Some data discovery updates - Figshare update, Querying PID graphs & DataCite Commons launches
Two years ago in 2018 I started to realise the importance and value of Data discovery and slowly began studying various challenges to making Datasets discoverable.
Google eventually launched Google dataset search, while Crossref, DataCite began to work together to enable linking of DOIs between Journal articles with Crossref dois and datasets with DataCite dois.
Since then, many more institutions have started to launch data repositories and some such institutions including my own institution have chosen to go with Figshare for our data repository.
Note: As I write this, there is some hand wringing due to a blog post by 4TU.ResearchData where they set out there reasons for moving from open source software to a commercial hosted solution - Figshare, rather than choosing a open source solution like Zenodo or Dryad. Zenodo and Dryad have since responded.

Here are some updates on this area of data discovery that caught my eye this year so far.
1. Figshare updates linking to resource DOI field (now no longer mandatory).
2. Querying PID graph with Jupyter Notebooks
3. DataCite Commons a single search interface for Works, People, and Organizations launches
1. Figshare updates linking to resource DOI field (now no longer mandatory).
This takes a bit of explanation but the "too long didn't read summary" is that Figshare has now made the field "Resource title" and "Resource DOI" non-mandatory in Figshare institutions installs.
These two fields allows you to create links or relationships between dois of data deposits to other dois (notably Crossref Dois of articles) to be captured. While this field has been available for a while, in the past, it had to be used as a mandatory field, which is a problem for many University institutions using Figshare since not all deposits into data repositories have a related doi to link to. If you need a bit more read on.
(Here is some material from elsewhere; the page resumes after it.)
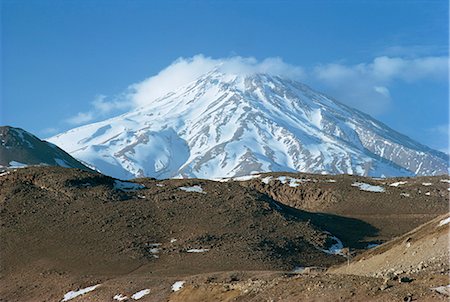 Mount Demavand (Mount Demavend), Iran, Middle East Foto de stock - Con derechos protegidos, Código: 841-02824217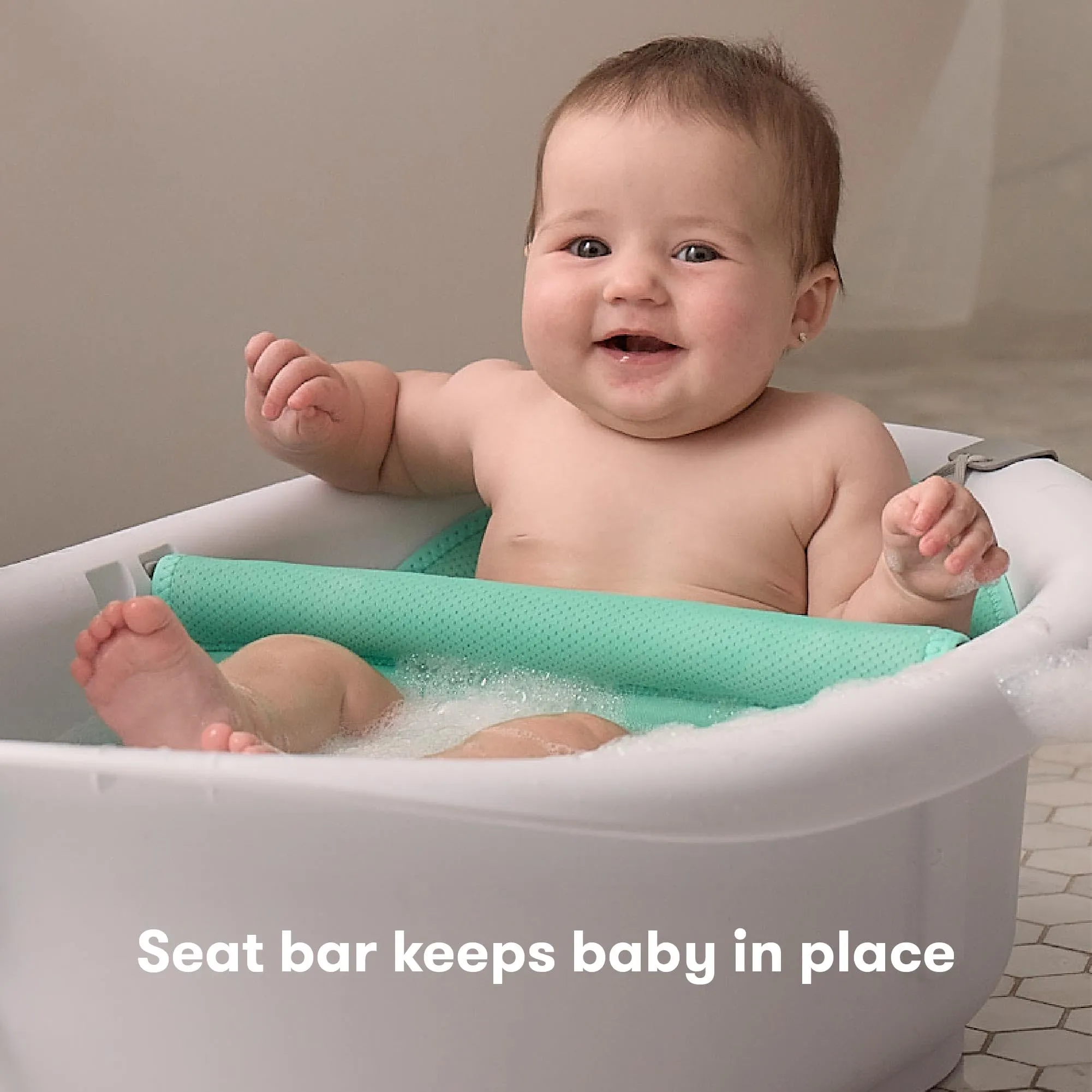 4 in 1 Grow With Me Baby Bathtub with Removable Bath Seat & Backrest Green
In my past blog posts, I talked about the importance of linking datasets that support the paper with the paper itself. This will allow users to move from either a dataset to papers that use it or viceversa from a paper to a dataset, which will support use cases like showing the value of a dataset or helping researchers find suitable datasets to use.
Part of the solution to achieving this, involves giving each dataset or paper a PID (Permanent ID), so one can be precise on what one is referring to.
Sidenote: Though most people will be most familar with DOIs (Digital object identifers) for articles and datasets other non-doi PIDs do exist and are also applied to datasets.
On paper, co-ordinating linkages among all these different PIDs sounds hard to do. Enter the Scholix framework , where one can indeed create such a data-literature link.
Without going into details, instead of expecting every article and data repository out there to implement the same standard, Scholix envisions that standardisation be done by existing major hubs and global aggregators. Examples of such hubs include DataCite, Crossref, Figshare, OpenAIRE, SHARE, ICPSR, Australian National Data Service (ANDS) etc.
The advantage of this is that individual repositories just have to ensure there contents are aggregated by one of these major hubs and have an expectation that their content be discoverable.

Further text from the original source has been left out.